What to do: The reply should hold every record, copied exactly, and none of the pictures.

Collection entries
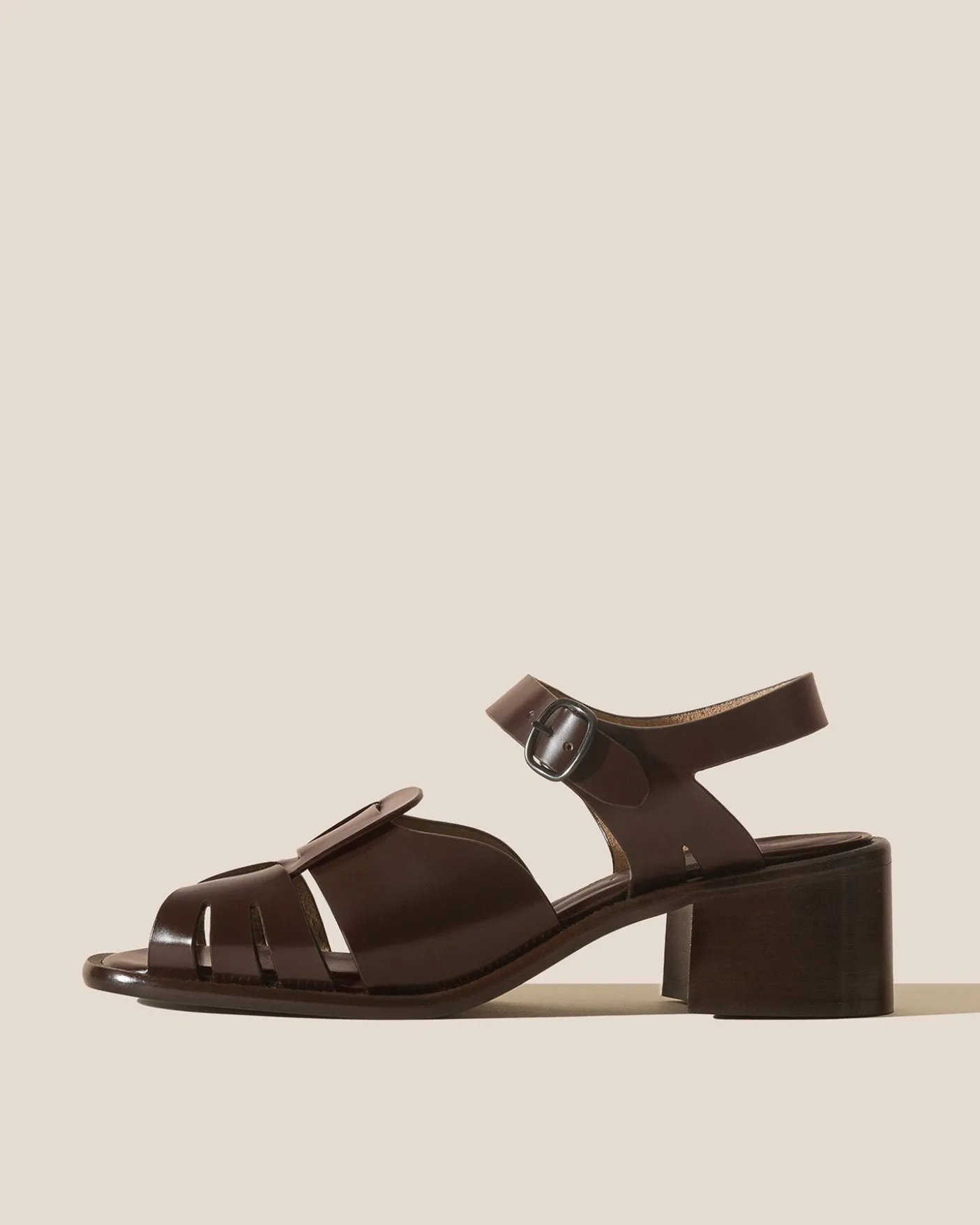 Hereu Studio Heels | Sandals<ANCORA SQUARED HEELED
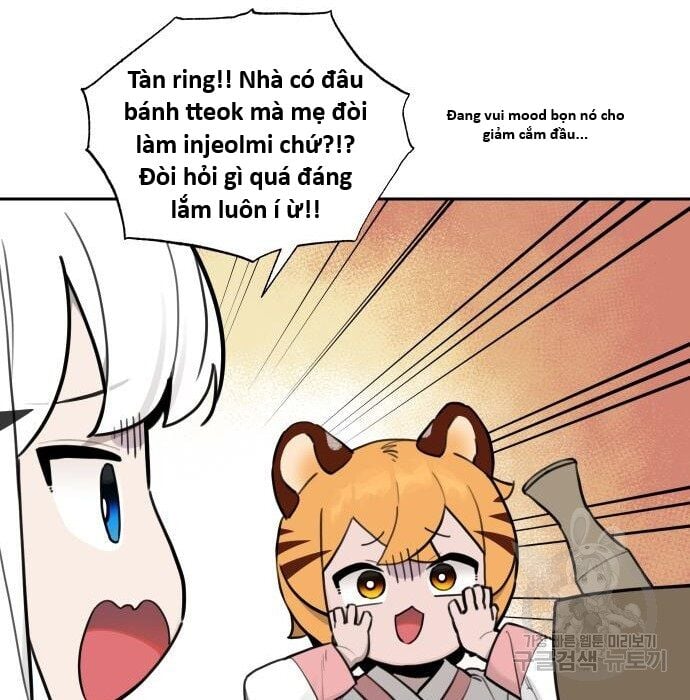 Hổ Đến Chơi Nhà Chap 117 - Next Chap 118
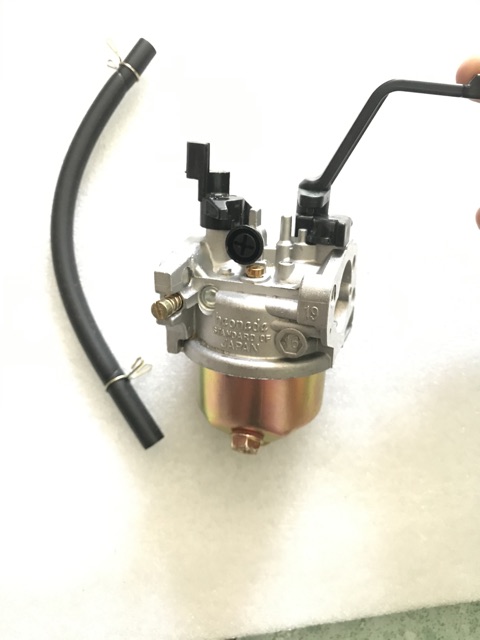 Bộ Chế Hoà Khí  gx160 gx200 168F 170F 5.5hp 6.5hp 7.5hp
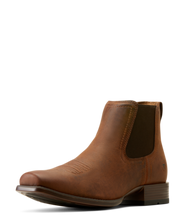 Load image into Gallery viewer, Ariat MNS Booker Ultra Square Toe Western Boot
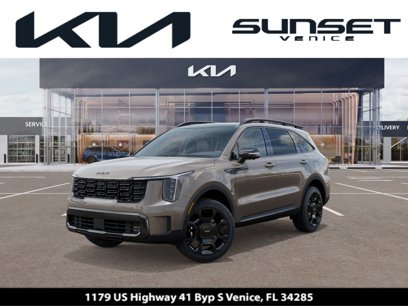 New 2026 Kia Sorento SX Prestige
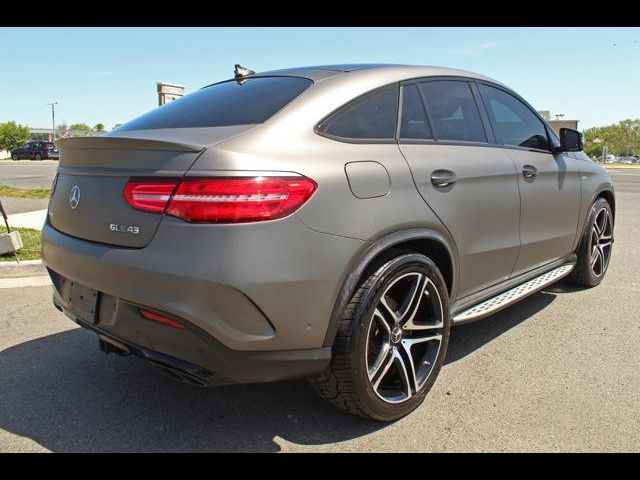 2019 Mercedes-Benz GLE AMG 43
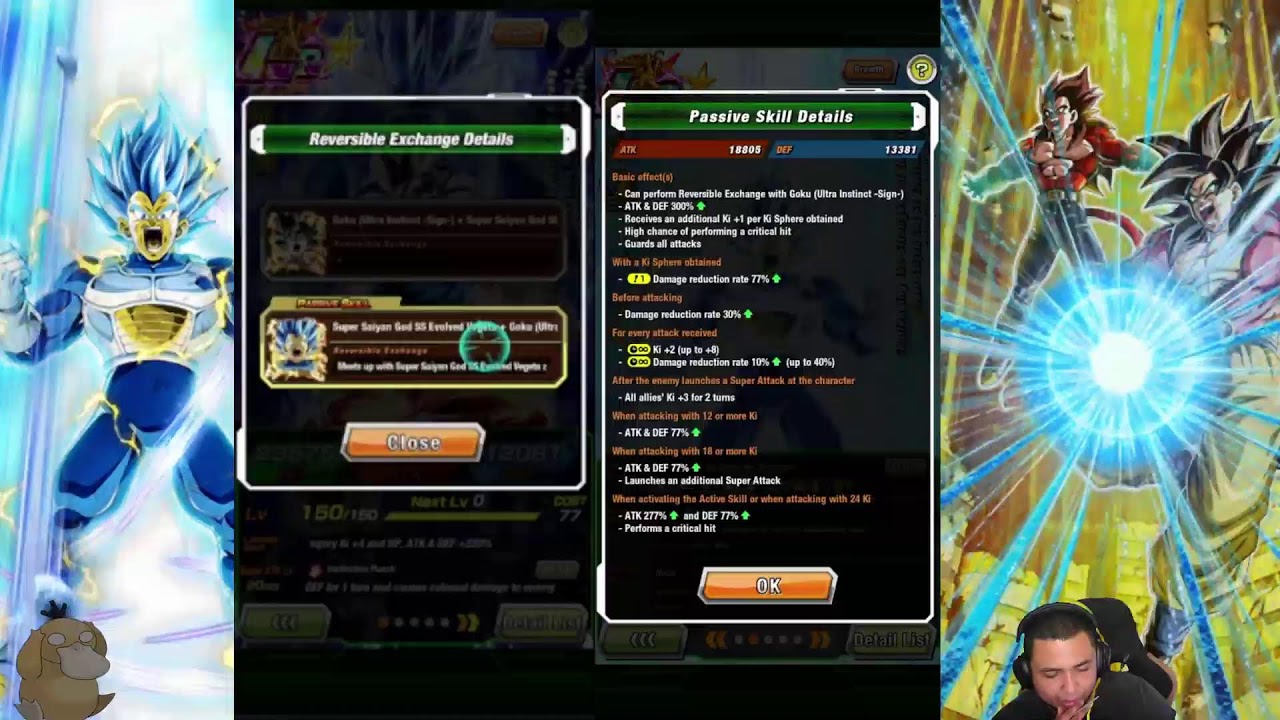 I'm Back again again! Grinding missions and W's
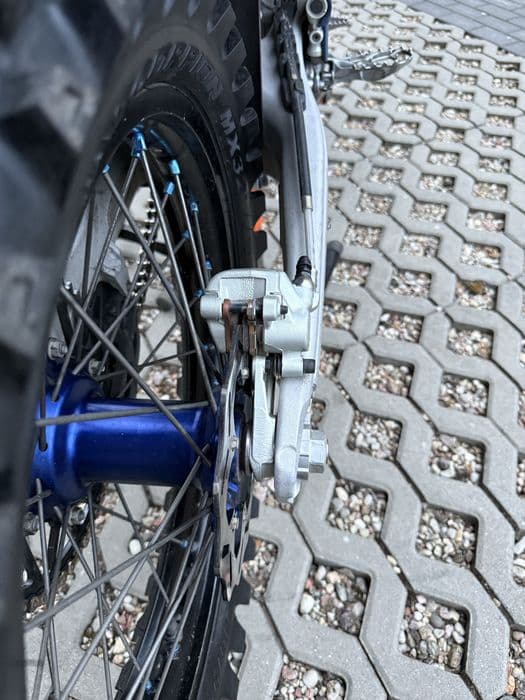 Husgvarna Fc 450 Rockstar Edition jak KTM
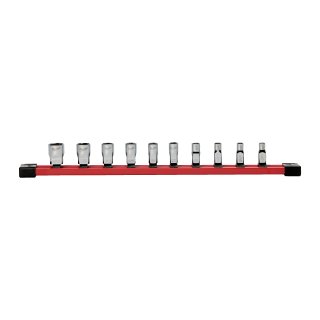 Steckschlüsseleinsatz-Set 1/4 Zoll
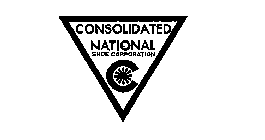 CONSOLIDATED NATIONAL SHOE CORPORATION C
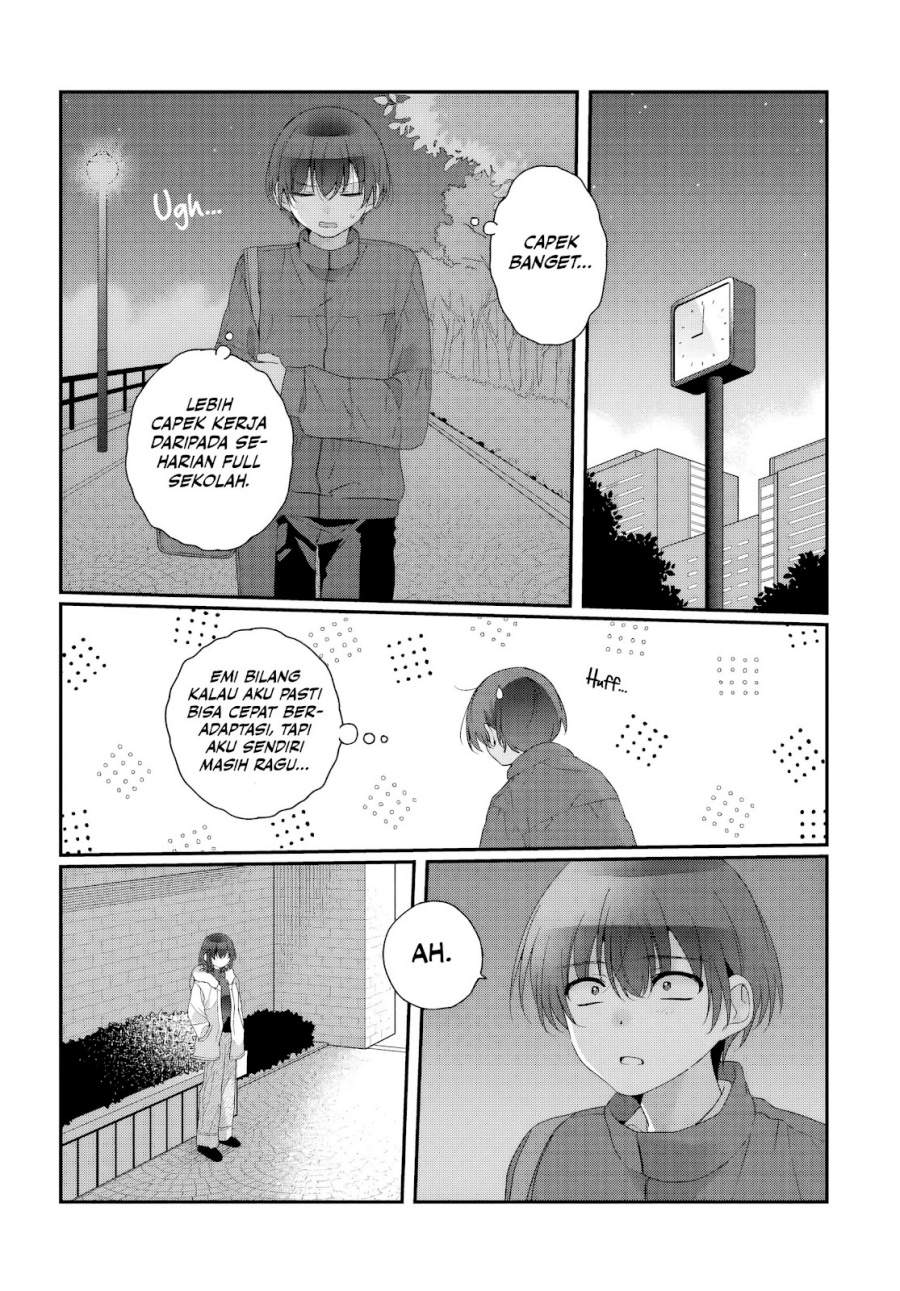 Class de 2 Banme ni Kawaii Onna no Ko to Tomodachi ni Natta Chapter 38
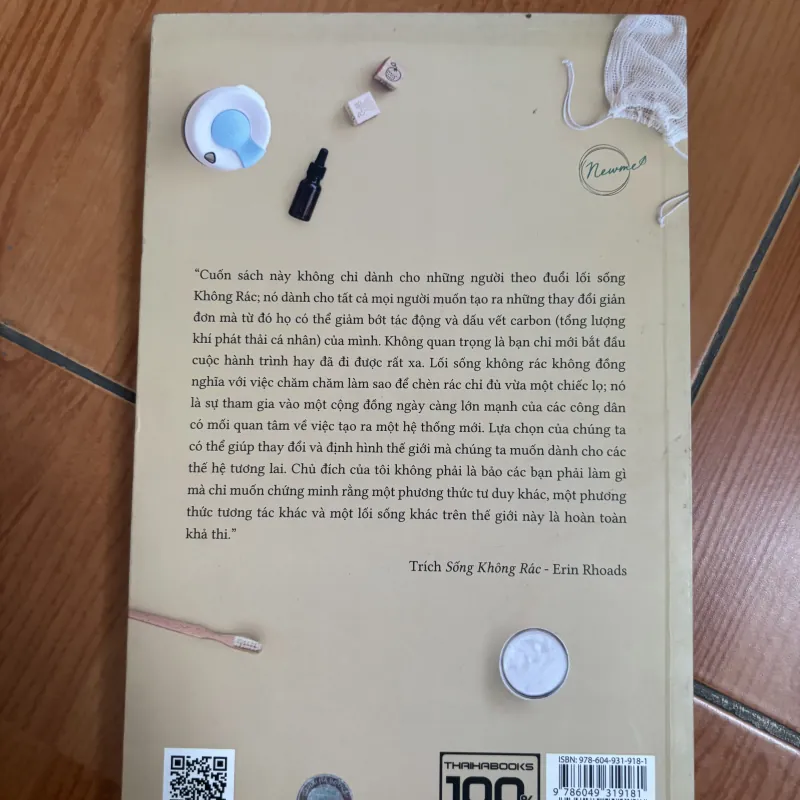 Sống không rác 1017873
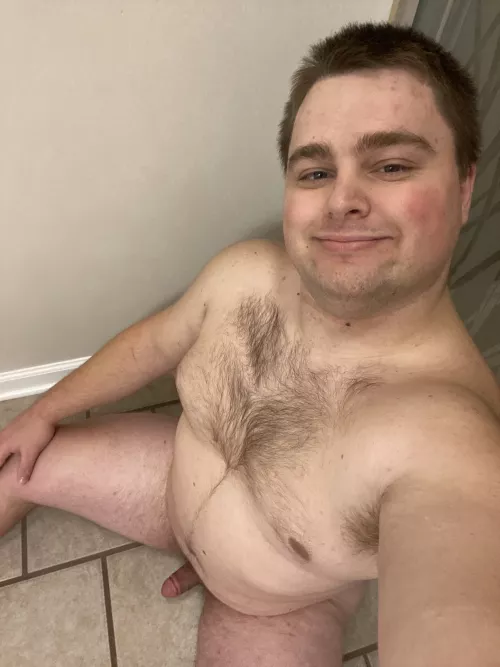 Would you shower with me? by CJWoods-XXX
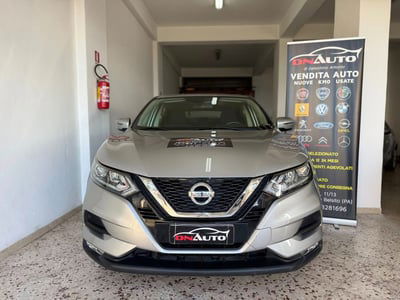 Nissan Qashqai 1.5 dCi 115 CV DCT Business usata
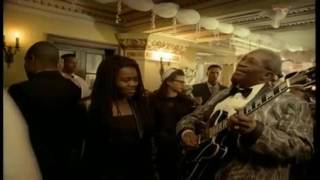 Video thumbnail of "B. B. King & Tracy Chapman - Thrill Is Gone"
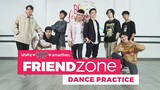 UN1TY - 'FRIENDZONE' Dance Practice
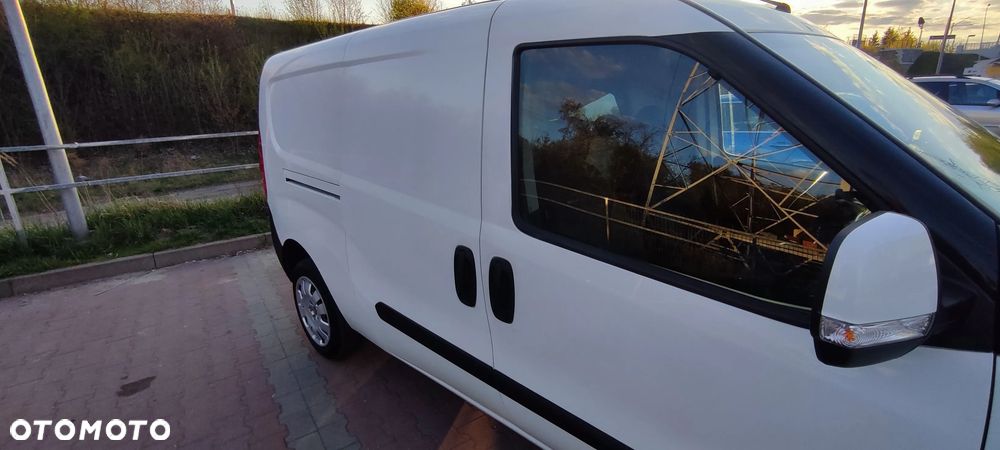 Fiat Doblo S&S MAXI - 21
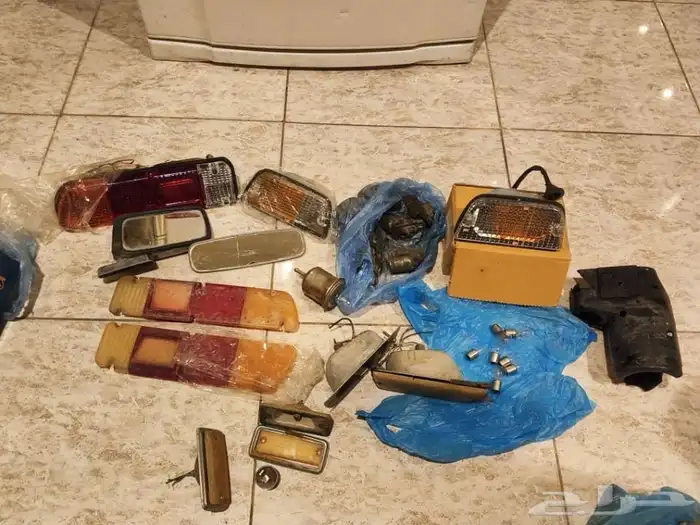 متوفر قطع غيار ددسن 76-77-78 1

Your solution:
 Hereu Studio Heels | Sandals<ANCORA SQUARED HEELED
 Hổ Đến Chơi Nhà Chap 117 - Next Chap 118
 Bộ Chế Hoà Khí  gx160 gx200 168F 170F 5.5hp 6.5hp 7.5hp
 Load image into Gallery viewer, Ariat MNS Booker Ultra Square Toe Western Boot
 New 2026 Kia Sorento SX Prestige
 2019 Mercedes-Benz GLE AMG 43
 I'm Back again again! Grinding missions and W's
 Husgvarna Fc 450 Rockstar Edition jak KTM
 Steckschlüsseleinsatz-Set 1/4 Zoll
 CONSOLIDATED NATIONAL SHOE CORPORATION C
 Class de 2 Banme ni Kawaii Onna no Ko to Tomodachi ni Natta Chapter 38
 Sống không rác 1017873
 Would you shower with me? by CJWoods-XXX
 Nissan Qashqai 1.5 dCi 115 CV DCT Business usata
 Video thumbnail of "B. B. King & Tracy Chapman - Thrill Is Gone"
 UN1TY - 'FRIENDZONE' Dance Practice
 Fiat Doblo S&S MAXI - 21
 متوفر قطع غيار ددسن 76-77-78 1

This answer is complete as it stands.